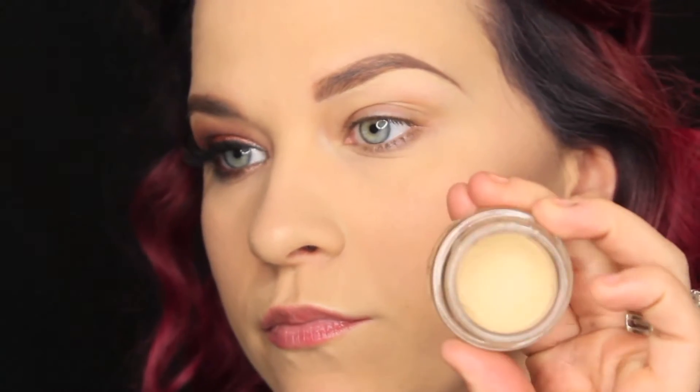Hey guys, welcome back to my channel. Today I'm going to be showing you guys how to get this makeup look right here. This is using the Morphe 350 palette — I really love the way this turned out. I kind of just sat down, didn't really know what I was going to do, and this is what happened. So if you guys want to see how to get this look, just keep on watching.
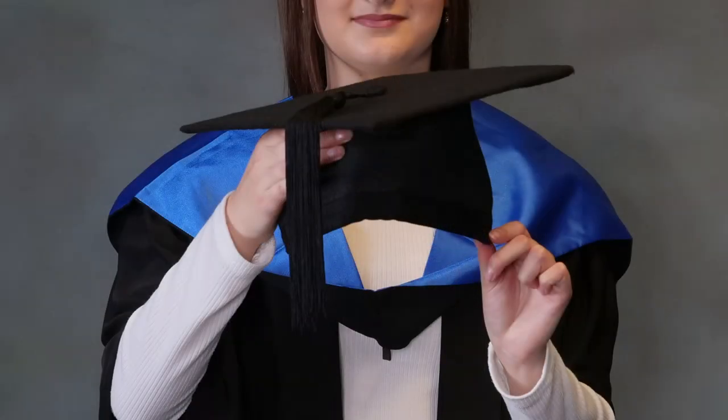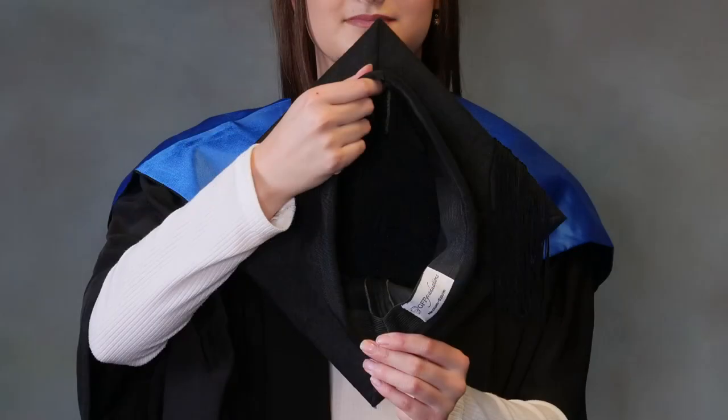Finally, your mortarboard. It's good to keep in mind you'll be wearing a hat at your ceremony when planning your hairstyle. The shorter peak goes to the front and the longer peak with the label goes to the back. The cap sits right on top of your head and the tassel sits to the left.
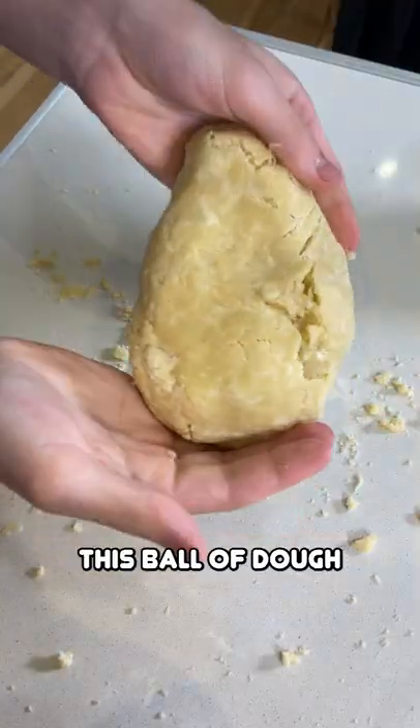Just going to start kneading this together until it comes together into a ball of dough. Tightly wrap it and into the fridge for about an hour and a half.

================

What to do: Everything in the listing, except its images, should be set down exactly.

Exercise response:
Hey guys, welcome back to my channel. Today I'm going to be showing you guys how to get this makeup look right here. This is using the Morphe 350 palette — I really love the way this turned out. I kind of just sat down, didn't really know what I was going to do, and this is what happened. So if you guys want to see how to get this look, just keep on watching.
Finally, your mortarboard. It's good to keep in mind you'll be wearing a hat at your ceremony when planning your hairstyle. The shorter peak goes to the front and the longer peak with the label goes to the back. The cap sits right on top of your head and the tassel sits to the left.
Just going to start kneading this together until it comes together into a ball of dough. Tightly wrap it and into the fridge for about an hour and a half.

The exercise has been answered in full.